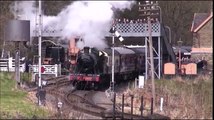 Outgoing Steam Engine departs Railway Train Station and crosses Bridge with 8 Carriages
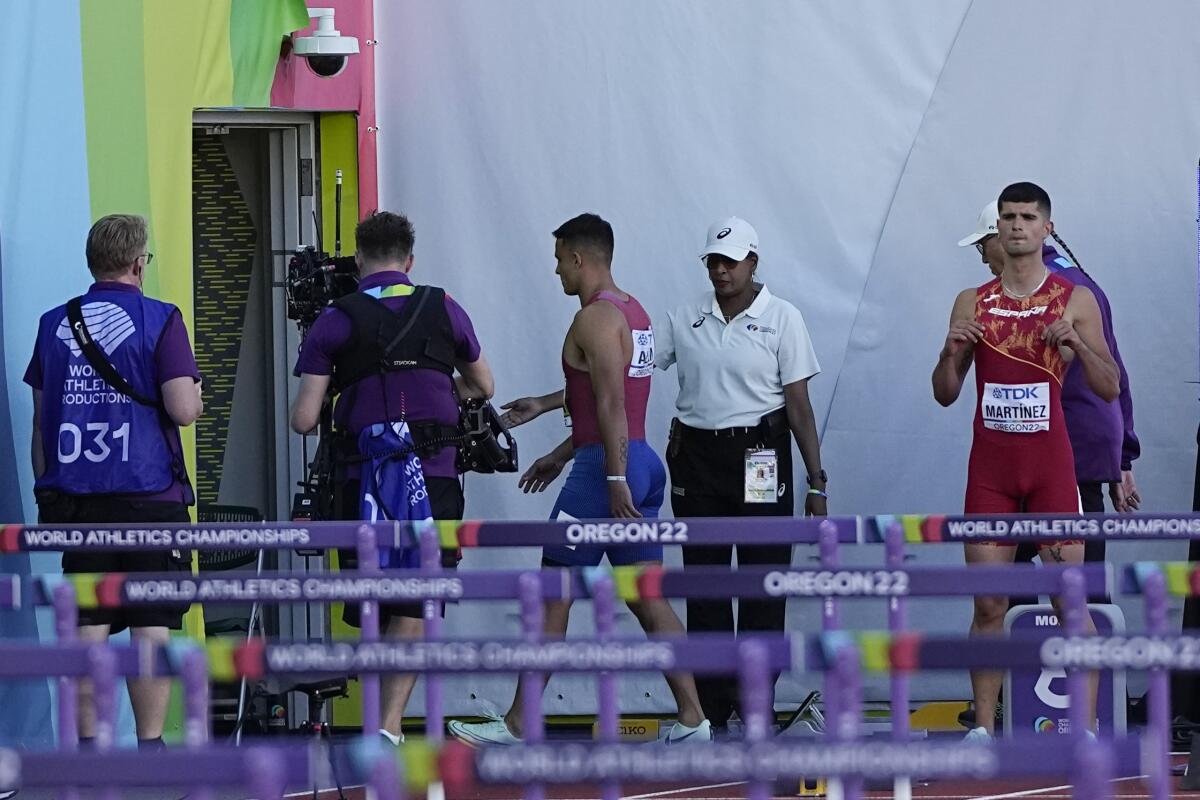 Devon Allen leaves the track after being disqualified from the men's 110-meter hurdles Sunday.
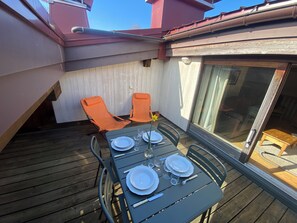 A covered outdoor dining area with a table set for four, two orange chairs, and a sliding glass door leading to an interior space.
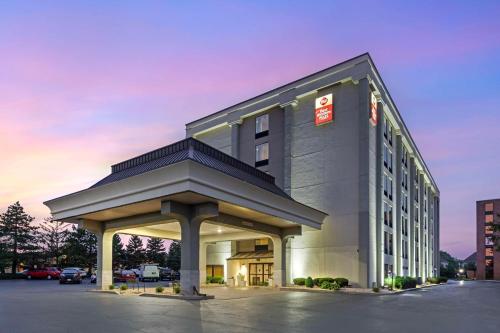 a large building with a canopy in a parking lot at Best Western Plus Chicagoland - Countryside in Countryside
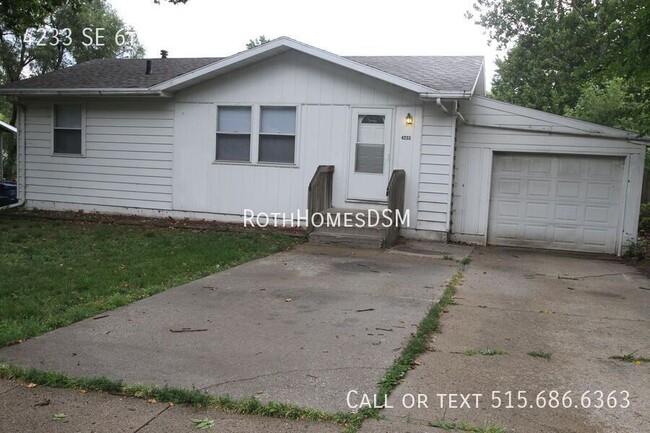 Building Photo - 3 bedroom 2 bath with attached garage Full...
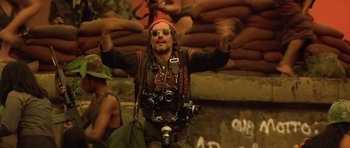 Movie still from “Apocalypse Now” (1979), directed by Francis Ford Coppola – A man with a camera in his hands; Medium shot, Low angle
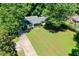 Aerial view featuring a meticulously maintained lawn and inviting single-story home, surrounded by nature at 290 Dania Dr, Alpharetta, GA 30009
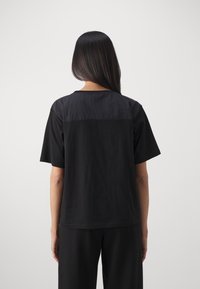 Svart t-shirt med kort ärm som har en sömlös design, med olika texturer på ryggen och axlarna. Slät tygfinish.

ASSIGNMENT. Could you return exactly the lines starting with the one that contains "Aerial view featuring" and ending with the last line of the data above? Leave the pictures out.

RESPONSE AREA.
 Aerial view featuring a meticulously maintained lawn and inviting single-story home, surrounded by nature at 290 Dania Dr, Alpharetta, GA 30009
 Svart t-shirt med kort ärm som har en sömlös design, med olika texturer på ryggen och axlarna. Slät tygfinish.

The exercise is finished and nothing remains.